4.1. Study Limitations
The small sample size of this study combined with a disproportionately high rate of postoperative patients (32%) may not accurately represent the wide variety of patients in all available ICUs. Additionally, we chose to use clinical UHE criteria, although biological markers (lactate, mixed venous oxygen saturation, etc.) could have refined the number of included patients. As PPV can increase before any variation in conventional hemodynamic variables (such as those used for our current definition of an UHE), PPV values could have been retrospectively examined at the time before the UHE to determine if it was able to predict these episodes. Unfortunately, PPV was not continuously monitored, and we therefore cannot answer this question in the current study.

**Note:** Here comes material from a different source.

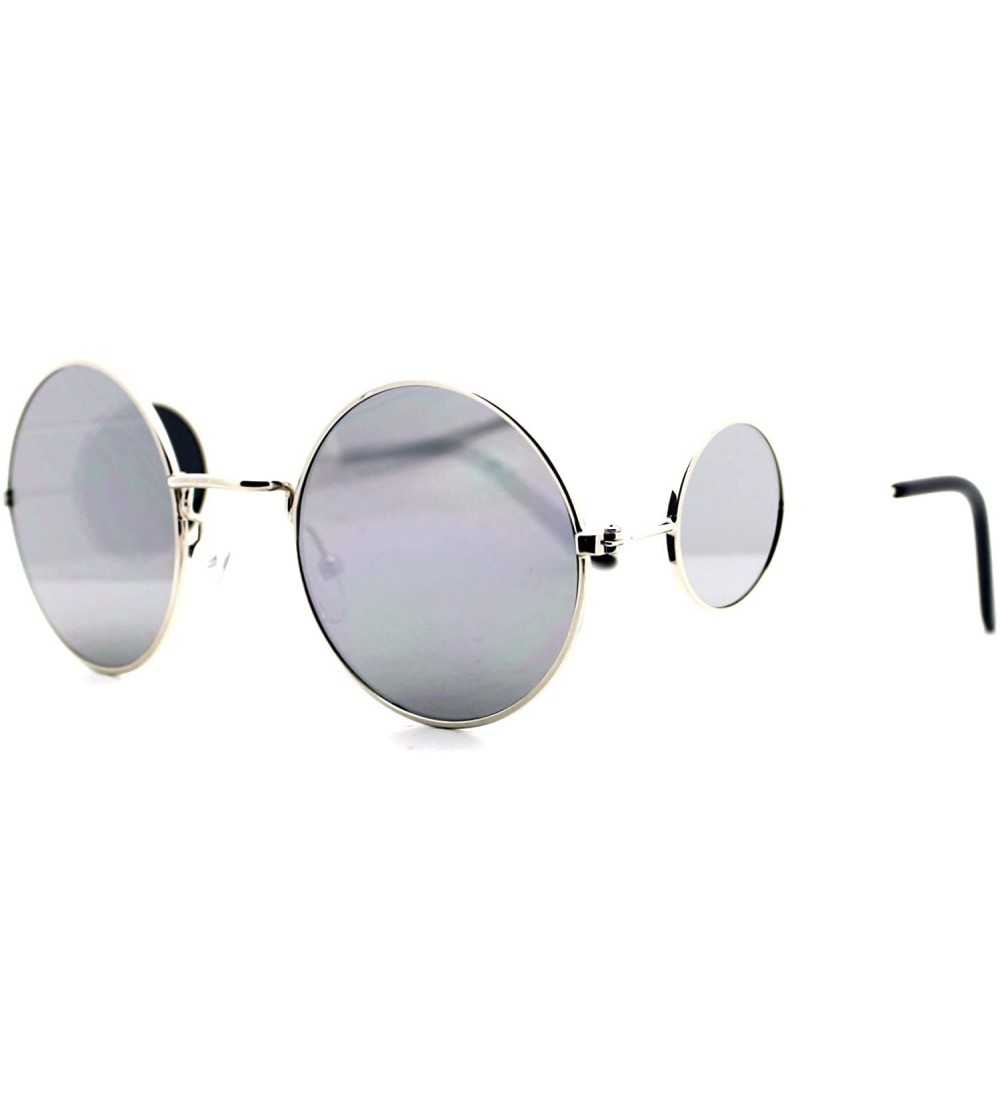 Round Unisex Sunglasses Quad Round Circle Flat Lens Vintage Retro Design Shades - Silver (Silver Mirror) - CV188LNX92D $18.76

As one UHE can last from a few minutes to several hours, we deliberately included only one UHE per day, which may be seen as a weakness. This decision was felt justified as defining the transition zone between two UHE in such a short period of time would have significantly confounded the results. Additionally, contraindications for the use of PPV could have included more than the seven described here, as low pulmonary compliance [18], high left filling cardiac pressure [19], and low heart rate [20] have all shown moderate clinical evidence. Additionally, right ventricular dysfunction and intra-abdominal hypertension can allow for false positive values [11]. As can be seen by the wide variety of available inclusion and exclusion criteria, proposing fixed clinical criteria for standardized hemodynamic optimization using PPV would decrease potential clinical confusion in the future. Beyond these additional hemodynamic criteria, other limitations intrinsic to the measurement and interpretation of PPV are emerging. Firstly, the question of how PPV is actually measured has been highlighted, with some data indicating that a long averaging time can decrease the predictive value [21]. Secondly, the grey zone of PPV in the ICU can vary from 4 to 17%, which affects 62% of patients [22]. This data, combined with our findings, may lead physicians without extensive hemodynamic training to consider other functional tests to assess fluid responsiveness, such as a fluid challenge or passive leg raising [23]. However, both are time consuming and require a relevant cardiac output monitor or an echographic trained practitioner. A final limitation of our work concerns cardiogenic shock patients wherein PPV has not been adequately described. Mesquida et al. did demonstrate that cardiac contractility alters PPV reliability, and without further data the validity of PPV in cardiogenic shock condition remains controversial [15].
5. Conclusion
Unstable hemodynamic states affect almost half of ICU patients. In this five-day ICU multicenter prospective study, PPV was determined to be strictly applicable in only 7% of such UHE, with most of them being in postoperative patients. A protective ventilation strategy with low tidal volume was the main limiting factor. This data indicates that PPV should only be used alongside a strong understanding of the relevant physiology and applicability criteria. Although these exclusion criteria appear to be profound, they likely represent an absolute contraindication of use for only a minority of critical care patients.
Acknowledgments
The authors would like to thank JC Richard and C Guérin (Service de Réanimation Médicale, Hôpital de la Croix-Rousse, Hospices Civils de Lyon, France) for their contribution to the conception and design of this study.
Conflict of Interests
The authors declare that there is no conflict of interests regarding the publication of this paper.